[Exercise aim]: Omit every picture while you reproduce the entries that follow word for word.

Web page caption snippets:
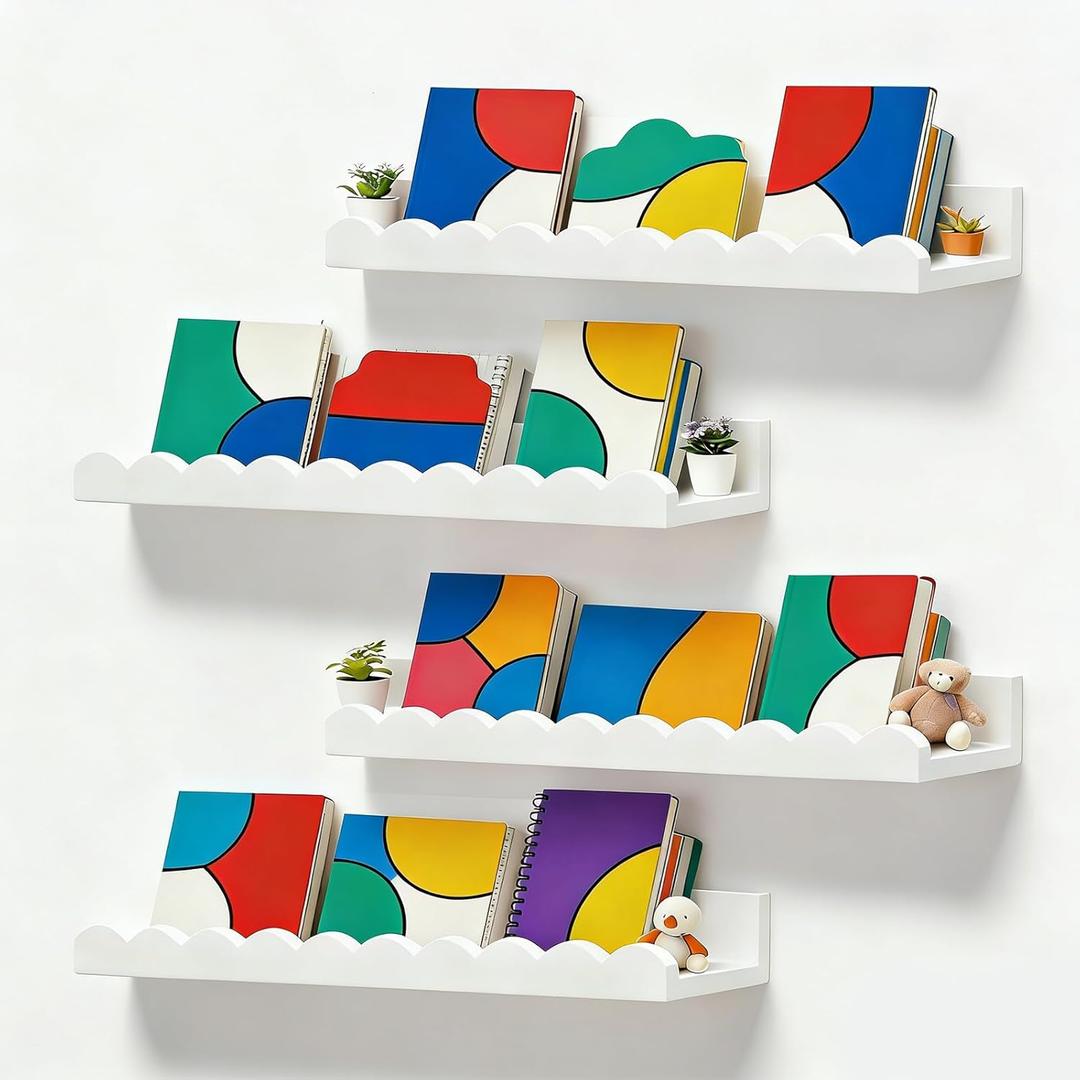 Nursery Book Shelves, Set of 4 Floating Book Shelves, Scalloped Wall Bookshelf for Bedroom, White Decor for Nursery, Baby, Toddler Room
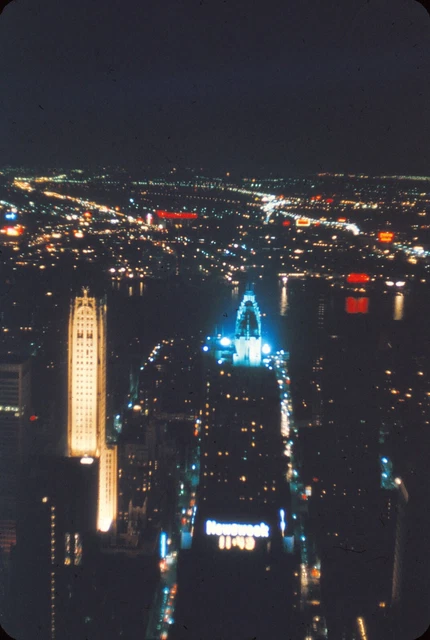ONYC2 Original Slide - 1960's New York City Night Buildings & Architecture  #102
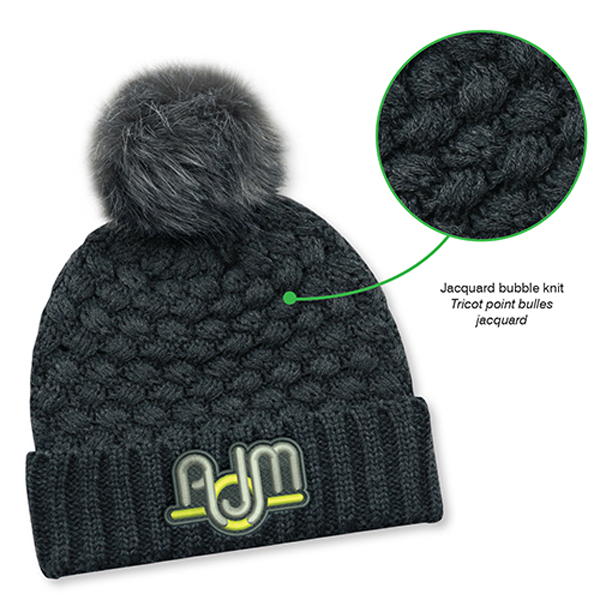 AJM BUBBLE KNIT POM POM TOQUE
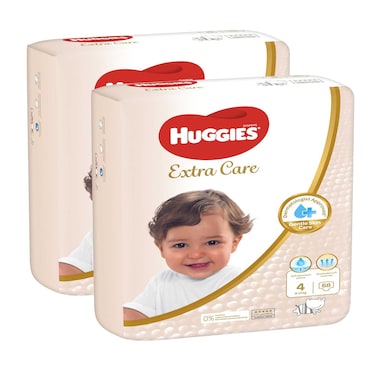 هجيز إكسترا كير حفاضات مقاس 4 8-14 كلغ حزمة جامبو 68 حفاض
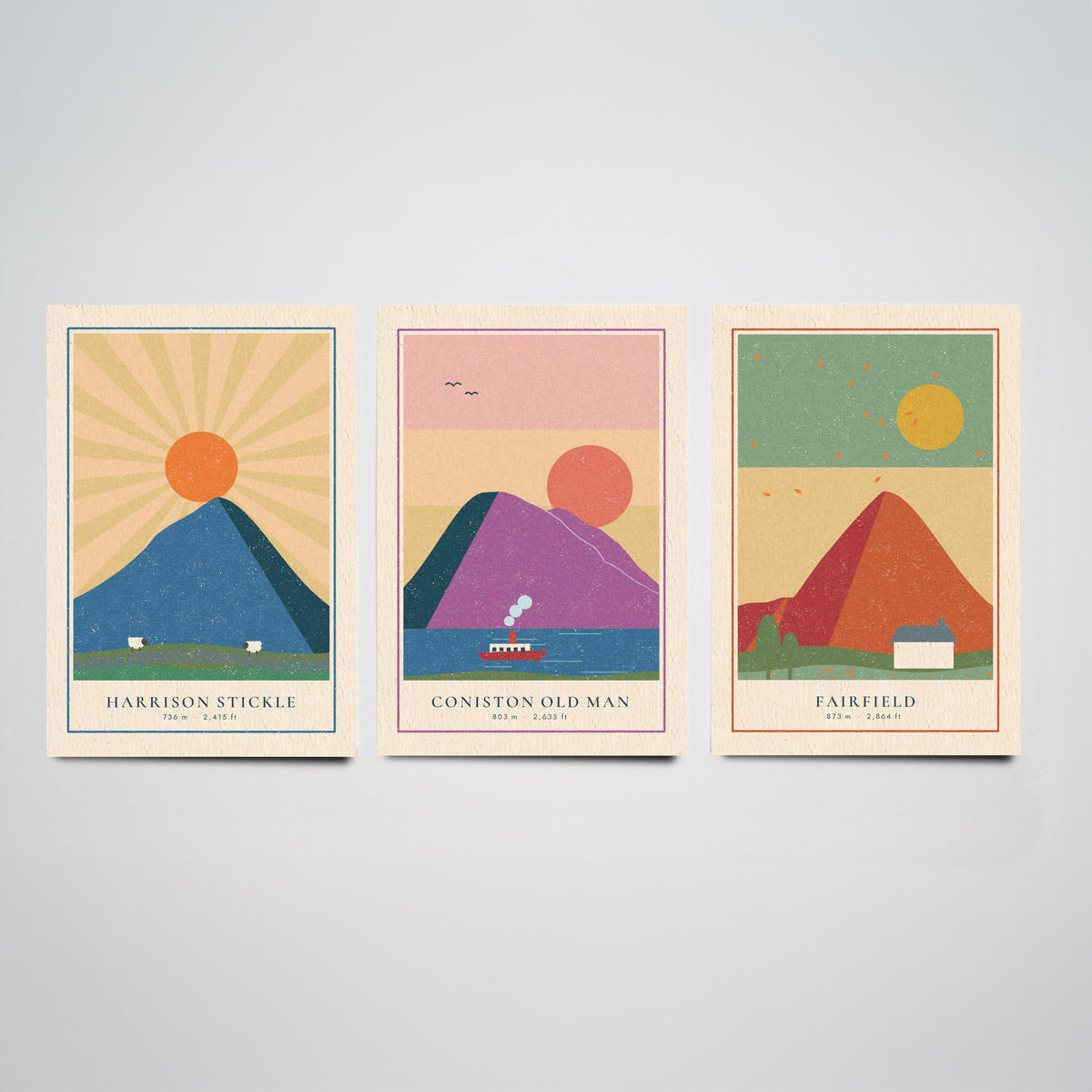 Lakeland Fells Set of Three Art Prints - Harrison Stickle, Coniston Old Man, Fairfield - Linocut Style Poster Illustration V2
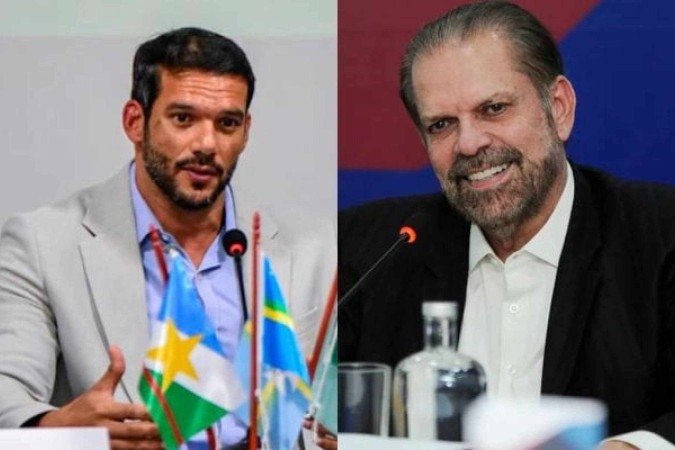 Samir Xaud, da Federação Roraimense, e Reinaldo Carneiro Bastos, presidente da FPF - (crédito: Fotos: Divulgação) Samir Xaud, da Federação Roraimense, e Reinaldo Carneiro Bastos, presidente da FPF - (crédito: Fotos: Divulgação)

[Task solution]:
 Nursery Book Shelves, Set of 4 Floating Book Shelves, Scalloped Wall Bookshelf for Bedroom, White Decor for Nursery, Baby, Toddler Room
ONYC2 Original Slide - 1960's New York City Night Buildings & Architecture  #102
 AJM BUBBLE KNIT POM POM TOQUE
 هجيز إكسترا كير حفاضات مقاس 4 8-14 كلغ حزمة جامبو 68 حفاض
 Lakeland Fells Set of Three Art Prints - Harrison Stickle, Coniston Old Man, Fairfield - Linocut Style Poster Illustration V2
 Samir Xaud, da Federação Roraimense, e Reinaldo Carneiro Bastos, presidente da FPF - (crédito: Fotos: Divulgação) Samir Xaud, da Federação Roraimense, e Reinaldo Carneiro Bastos, presidente da FPF - (crédito: Fotos: Divulgação)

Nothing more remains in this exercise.